• [DATASET SECTION]

== == ==

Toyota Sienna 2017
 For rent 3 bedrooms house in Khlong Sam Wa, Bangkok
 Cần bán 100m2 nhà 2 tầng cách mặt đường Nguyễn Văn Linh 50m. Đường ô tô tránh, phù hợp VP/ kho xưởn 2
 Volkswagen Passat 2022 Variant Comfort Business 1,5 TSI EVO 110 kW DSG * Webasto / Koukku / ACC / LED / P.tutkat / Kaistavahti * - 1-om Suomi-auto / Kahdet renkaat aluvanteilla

== == ==

• [WHAT THE EXERCISE ASKS] Word for word, set down all of the material.

• [WRITTEN RESPONSE]
Toyota Sienna 2017
 For rent 3 bedrooms house in Khlong Sam Wa, Bangkok
 Cần bán 100m2 nhà 2 tầng cách mặt đường Nguyễn Văn Linh 50m. Đường ô tô tránh, phù hợp VP/ kho xưởn 2
 Volkswagen Passat 2022 Variant Comfort Business 1,5 TSI EVO 110 kW DSG * Webasto / Koukku / ACC / LED / P.tutkat / Kaistavahti * - 1-om Suomi-auto / Kahdet renkaat aluvanteilla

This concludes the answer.